[Opening Data segment section]

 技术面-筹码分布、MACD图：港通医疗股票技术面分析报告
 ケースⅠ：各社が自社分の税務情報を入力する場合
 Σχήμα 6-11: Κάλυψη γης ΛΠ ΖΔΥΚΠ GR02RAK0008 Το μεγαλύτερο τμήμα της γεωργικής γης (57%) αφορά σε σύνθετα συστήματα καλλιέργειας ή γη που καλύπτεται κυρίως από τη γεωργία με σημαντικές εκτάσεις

[Closing Data segment section]

Action item – Emit verbatim the lines running from the one with "ケースⅠ：各社が自社分の税務情報を入力する場合" through the last line of the data, both endpoints inclusive.

Answer to this exercise –
 ケースⅠ：各社が自社分の税務情報を入力する場合
 Σχήμα 6-11: Κάλυψη γης ΛΠ ΖΔΥΚΠ GR02RAK0008 Το μεγαλύτερο τμήμα της γεωργικής γης (57%) αφορά σε σύνθετα συστήματα καλλιέργειας ή γη που καλύπτεται κυρίως από τη γεωργία με σημαντικές εκτάσεις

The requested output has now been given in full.